Problem details: Transcribe exactly the lines below that begin at the line with "Wavestorm 8ft Classic" and stop after the line with "Dior Purple/Cream Python", leaving out every picture.

Recorded data:

== Segment start ==

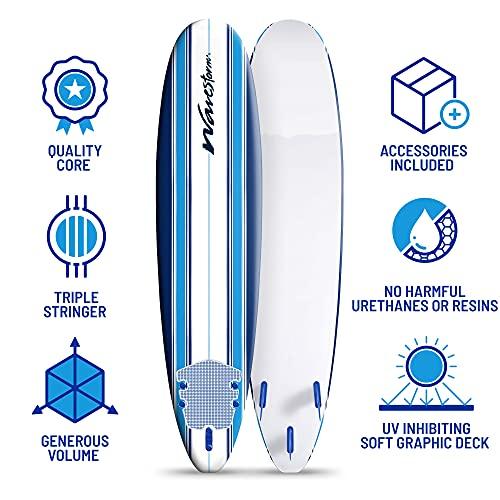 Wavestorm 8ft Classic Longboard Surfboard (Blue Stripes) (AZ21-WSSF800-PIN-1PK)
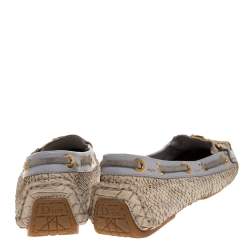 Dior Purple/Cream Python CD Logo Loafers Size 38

== Segment end ==
== Segment start ==

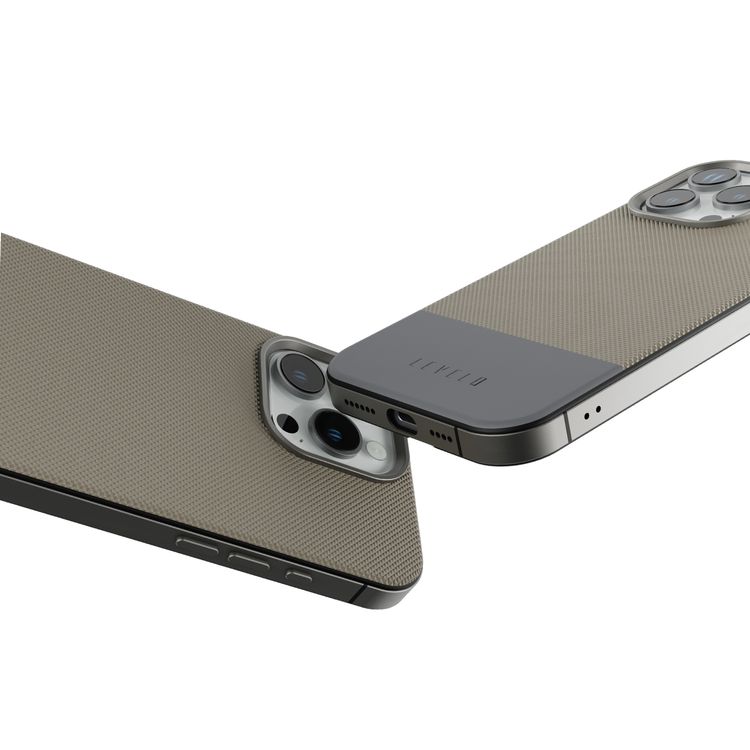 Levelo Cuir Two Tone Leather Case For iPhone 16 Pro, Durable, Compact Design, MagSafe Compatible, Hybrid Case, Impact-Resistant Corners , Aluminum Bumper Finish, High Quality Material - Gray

== Segment end ==

Task answer:
 Wavestorm 8ft Classic Longboard Surfboard (Blue Stripes) (AZ21-WSSF800-PIN-1PK)
 Dior Purple/Cream Python CD Logo Loafers Size 38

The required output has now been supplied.